THE PROBLEM → Within the records below is a range that opens at the line with "Pop Candy - Bow Detailed Pump Pale Pink" and closes at the line with "Snapback Cap Magic Cube, Beige". Return that range word for word, both ends included, and only that range.
***** PROVIDED DATA
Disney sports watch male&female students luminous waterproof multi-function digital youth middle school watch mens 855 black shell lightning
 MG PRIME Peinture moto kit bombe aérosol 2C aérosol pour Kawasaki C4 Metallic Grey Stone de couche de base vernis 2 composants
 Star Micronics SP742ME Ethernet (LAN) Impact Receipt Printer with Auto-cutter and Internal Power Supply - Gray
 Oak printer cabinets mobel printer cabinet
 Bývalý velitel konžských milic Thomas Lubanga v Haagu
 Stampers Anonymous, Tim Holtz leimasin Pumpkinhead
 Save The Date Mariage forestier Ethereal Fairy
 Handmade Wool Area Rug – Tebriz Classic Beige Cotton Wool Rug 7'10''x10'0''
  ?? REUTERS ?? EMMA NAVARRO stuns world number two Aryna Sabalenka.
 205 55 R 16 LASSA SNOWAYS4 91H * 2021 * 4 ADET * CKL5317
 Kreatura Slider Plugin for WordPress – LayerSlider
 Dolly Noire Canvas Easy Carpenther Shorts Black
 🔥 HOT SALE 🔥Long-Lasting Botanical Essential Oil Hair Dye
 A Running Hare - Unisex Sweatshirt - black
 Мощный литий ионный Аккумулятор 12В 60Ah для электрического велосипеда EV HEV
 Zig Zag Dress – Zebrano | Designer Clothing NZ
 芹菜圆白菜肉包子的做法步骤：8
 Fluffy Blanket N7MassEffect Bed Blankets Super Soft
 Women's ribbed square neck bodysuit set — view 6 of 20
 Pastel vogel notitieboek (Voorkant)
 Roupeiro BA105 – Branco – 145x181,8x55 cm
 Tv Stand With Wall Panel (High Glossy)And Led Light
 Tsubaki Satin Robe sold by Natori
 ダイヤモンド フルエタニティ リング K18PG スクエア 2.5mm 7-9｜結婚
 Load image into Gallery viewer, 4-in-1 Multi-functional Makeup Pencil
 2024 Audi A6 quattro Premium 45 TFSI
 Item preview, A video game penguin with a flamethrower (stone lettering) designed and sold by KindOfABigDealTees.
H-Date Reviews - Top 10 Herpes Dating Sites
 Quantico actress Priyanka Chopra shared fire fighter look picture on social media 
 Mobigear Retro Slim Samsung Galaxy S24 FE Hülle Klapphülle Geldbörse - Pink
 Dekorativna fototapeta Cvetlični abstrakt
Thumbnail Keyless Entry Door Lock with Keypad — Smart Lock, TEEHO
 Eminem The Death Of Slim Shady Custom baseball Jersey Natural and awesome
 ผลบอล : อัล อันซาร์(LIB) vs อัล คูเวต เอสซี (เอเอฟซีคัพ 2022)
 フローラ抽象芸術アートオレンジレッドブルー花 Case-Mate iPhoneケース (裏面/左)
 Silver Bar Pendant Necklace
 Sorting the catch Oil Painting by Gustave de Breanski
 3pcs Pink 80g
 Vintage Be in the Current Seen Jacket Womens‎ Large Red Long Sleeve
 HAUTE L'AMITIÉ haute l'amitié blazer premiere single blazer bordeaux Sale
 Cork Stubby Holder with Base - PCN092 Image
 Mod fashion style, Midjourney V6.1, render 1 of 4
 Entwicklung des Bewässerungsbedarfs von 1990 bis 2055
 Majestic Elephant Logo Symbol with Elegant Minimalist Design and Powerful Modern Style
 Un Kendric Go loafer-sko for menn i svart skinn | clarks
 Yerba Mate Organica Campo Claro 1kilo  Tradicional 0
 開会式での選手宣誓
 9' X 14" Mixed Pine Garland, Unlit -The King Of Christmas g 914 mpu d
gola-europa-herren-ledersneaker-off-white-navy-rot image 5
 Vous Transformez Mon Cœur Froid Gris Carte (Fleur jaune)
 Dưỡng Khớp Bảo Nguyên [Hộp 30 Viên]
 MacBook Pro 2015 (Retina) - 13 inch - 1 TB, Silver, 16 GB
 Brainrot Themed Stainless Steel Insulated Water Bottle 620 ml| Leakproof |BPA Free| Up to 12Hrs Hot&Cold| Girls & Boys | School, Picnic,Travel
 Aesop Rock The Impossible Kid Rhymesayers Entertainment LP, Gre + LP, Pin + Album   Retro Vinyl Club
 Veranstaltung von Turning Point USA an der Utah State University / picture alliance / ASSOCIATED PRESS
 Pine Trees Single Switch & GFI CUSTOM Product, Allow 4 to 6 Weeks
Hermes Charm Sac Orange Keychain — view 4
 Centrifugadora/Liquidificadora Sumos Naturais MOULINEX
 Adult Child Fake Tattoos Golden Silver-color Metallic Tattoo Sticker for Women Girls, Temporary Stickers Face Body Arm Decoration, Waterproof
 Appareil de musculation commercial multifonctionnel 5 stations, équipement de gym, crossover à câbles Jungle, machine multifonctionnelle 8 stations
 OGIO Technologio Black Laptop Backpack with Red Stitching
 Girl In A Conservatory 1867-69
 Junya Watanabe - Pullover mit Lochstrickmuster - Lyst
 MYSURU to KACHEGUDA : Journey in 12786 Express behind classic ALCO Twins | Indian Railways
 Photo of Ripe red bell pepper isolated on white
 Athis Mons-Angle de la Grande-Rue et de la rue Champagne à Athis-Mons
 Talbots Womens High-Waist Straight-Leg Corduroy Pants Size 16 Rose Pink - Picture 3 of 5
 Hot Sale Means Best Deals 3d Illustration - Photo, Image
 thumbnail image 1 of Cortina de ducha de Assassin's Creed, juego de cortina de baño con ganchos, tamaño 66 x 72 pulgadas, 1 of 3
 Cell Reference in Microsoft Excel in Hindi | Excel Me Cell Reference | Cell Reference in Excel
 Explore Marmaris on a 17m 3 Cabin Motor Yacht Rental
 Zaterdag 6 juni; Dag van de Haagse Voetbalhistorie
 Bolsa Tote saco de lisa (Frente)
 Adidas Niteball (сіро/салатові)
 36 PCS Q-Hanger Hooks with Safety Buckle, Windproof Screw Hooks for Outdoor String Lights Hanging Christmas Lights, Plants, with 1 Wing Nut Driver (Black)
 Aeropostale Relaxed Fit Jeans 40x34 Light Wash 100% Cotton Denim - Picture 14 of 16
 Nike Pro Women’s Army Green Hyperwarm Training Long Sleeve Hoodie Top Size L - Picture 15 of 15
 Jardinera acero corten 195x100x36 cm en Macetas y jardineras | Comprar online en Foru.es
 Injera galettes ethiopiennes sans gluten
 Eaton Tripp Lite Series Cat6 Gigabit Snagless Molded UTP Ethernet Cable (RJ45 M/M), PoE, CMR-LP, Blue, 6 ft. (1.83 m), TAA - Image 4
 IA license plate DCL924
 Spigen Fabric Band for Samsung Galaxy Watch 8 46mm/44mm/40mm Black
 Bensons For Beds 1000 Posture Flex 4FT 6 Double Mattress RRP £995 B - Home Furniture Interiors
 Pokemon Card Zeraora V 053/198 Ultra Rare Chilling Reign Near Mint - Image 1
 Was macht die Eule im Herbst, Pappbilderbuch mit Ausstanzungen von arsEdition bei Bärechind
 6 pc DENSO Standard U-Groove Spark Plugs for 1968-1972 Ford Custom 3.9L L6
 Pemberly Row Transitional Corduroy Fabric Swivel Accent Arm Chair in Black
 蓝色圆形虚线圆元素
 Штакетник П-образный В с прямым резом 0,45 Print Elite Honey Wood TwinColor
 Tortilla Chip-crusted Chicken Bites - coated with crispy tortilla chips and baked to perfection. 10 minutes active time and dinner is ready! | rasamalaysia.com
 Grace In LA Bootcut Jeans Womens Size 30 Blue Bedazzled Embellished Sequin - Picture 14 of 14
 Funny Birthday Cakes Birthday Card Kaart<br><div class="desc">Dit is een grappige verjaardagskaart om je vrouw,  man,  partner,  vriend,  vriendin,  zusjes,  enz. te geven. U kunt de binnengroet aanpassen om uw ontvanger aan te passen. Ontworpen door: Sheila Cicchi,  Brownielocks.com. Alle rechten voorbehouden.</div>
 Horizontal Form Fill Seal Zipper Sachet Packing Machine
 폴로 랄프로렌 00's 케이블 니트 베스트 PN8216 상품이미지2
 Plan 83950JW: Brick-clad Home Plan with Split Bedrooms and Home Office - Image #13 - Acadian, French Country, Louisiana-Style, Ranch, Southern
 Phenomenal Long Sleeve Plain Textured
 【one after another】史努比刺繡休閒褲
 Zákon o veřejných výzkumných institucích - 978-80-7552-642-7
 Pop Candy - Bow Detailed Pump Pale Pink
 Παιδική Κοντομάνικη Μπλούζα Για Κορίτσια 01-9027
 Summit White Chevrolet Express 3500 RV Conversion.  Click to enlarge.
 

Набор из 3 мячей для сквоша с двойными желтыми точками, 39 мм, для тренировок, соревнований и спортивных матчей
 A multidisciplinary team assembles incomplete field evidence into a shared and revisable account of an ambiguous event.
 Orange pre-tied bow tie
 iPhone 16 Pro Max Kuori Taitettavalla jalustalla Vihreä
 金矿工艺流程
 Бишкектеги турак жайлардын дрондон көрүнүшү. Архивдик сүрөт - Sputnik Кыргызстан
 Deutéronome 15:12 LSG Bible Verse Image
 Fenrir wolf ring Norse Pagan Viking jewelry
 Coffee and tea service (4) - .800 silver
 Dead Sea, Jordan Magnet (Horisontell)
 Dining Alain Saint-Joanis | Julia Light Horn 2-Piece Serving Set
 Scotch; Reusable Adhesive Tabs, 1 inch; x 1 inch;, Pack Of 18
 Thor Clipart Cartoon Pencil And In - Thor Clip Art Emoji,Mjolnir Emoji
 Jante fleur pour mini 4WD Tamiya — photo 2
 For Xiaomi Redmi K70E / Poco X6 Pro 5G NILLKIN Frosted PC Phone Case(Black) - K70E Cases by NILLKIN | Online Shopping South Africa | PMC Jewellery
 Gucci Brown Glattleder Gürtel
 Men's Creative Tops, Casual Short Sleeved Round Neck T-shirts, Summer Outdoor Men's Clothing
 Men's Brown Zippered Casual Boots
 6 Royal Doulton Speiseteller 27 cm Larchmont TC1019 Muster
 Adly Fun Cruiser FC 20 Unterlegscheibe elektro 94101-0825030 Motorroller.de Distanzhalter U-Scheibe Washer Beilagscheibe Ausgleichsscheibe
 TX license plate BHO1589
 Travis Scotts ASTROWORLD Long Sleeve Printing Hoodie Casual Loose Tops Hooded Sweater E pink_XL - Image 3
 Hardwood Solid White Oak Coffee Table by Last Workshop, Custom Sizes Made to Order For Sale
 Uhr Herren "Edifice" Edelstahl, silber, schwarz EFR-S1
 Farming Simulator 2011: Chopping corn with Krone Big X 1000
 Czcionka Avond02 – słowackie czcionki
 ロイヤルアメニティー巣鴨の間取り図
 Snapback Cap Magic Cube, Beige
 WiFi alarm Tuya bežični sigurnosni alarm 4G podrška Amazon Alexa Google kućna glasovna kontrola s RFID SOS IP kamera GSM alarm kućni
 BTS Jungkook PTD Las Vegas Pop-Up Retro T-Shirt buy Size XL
**********
FINISHED EXERCISE →
 Pop Candy - Bow Detailed Pump Pale Pink
 Παιδική Κοντομάνικη Μπλούζα Για Κορίτσια 01-9027
 Summit White Chevrolet Express 3500 RV Conversion.  Click to enlarge.
 

Набор из 3 мячей для сквоша с двойными желтыми точками, 39 мм, для тренировок, соревнований и спортивных матчей
 A multidisciplinary team assembles incomplete field evidence into a shared and revisable account of an ambiguous event.
 Orange pre-tied bow tie
 iPhone 16 Pro Max Kuori Taitettavalla jalustalla Vihreä
 金矿工艺流程
 Бишкектеги турак жайлардын дрондон көрүнүшү. Архивдик сүрөт - Sputnik Кыргызстан
 Deutéronome 15:12 LSG Bible Verse Image
 Fenrir wolf ring Norse Pagan Viking jewelry
 Coffee and tea service (4) - .800 silver
 Dead Sea, Jordan Magnet (Horisontell)
 Dining Alain Saint-Joanis | Julia Light Horn 2-Piece Serving Set
 Scotch; Reusable Adhesive Tabs, 1 inch; x 1 inch;, Pack Of 18
 Thor Clipart Cartoon Pencil And In - Thor Clip Art Emoji,Mjolnir Emoji
 Jante fleur pour mini 4WD Tamiya — photo 2
 For Xiaomi Redmi K70E / Poco X6 Pro 5G NILLKIN Frosted PC Phone Case(Black) - K70E Cases by NILLKIN | Online Shopping South Africa | PMC Jewellery
 Gucci Brown Glattleder Gürtel
 Men's Creative Tops, Casual Short Sleeved Round Neck T-shirts, Summer Outdoor Men's Clothing
 Men's Brown Zippered Casual Boots
 6 Royal Doulton Speiseteller 27 cm Larchmont TC1019 Muster
 Adly Fun Cruiser FC 20 Unterlegscheibe elektro 94101-0825030 Motorroller.de Distanzhalter U-Scheibe Washer Beilagscheibe Ausgleichsscheibe
 TX license plate BHO1589
 Travis Scotts ASTROWORLD Long Sleeve Printing Hoodie Casual Loose Tops Hooded Sweater E pink_XL - Image 3
 Hardwood Solid White Oak Coffee Table by Last Workshop, Custom Sizes Made to Order For Sale
 Uhr Herren "Edifice" Edelstahl, silber, schwarz EFR-S1
 Farming Simulator 2011: Chopping corn with Krone Big X 1000
 Czcionka Avond02 – słowackie czcionki
 ロイヤルアメニティー巣鴨の間取り図
 Snapback Cap Magic Cube, Beige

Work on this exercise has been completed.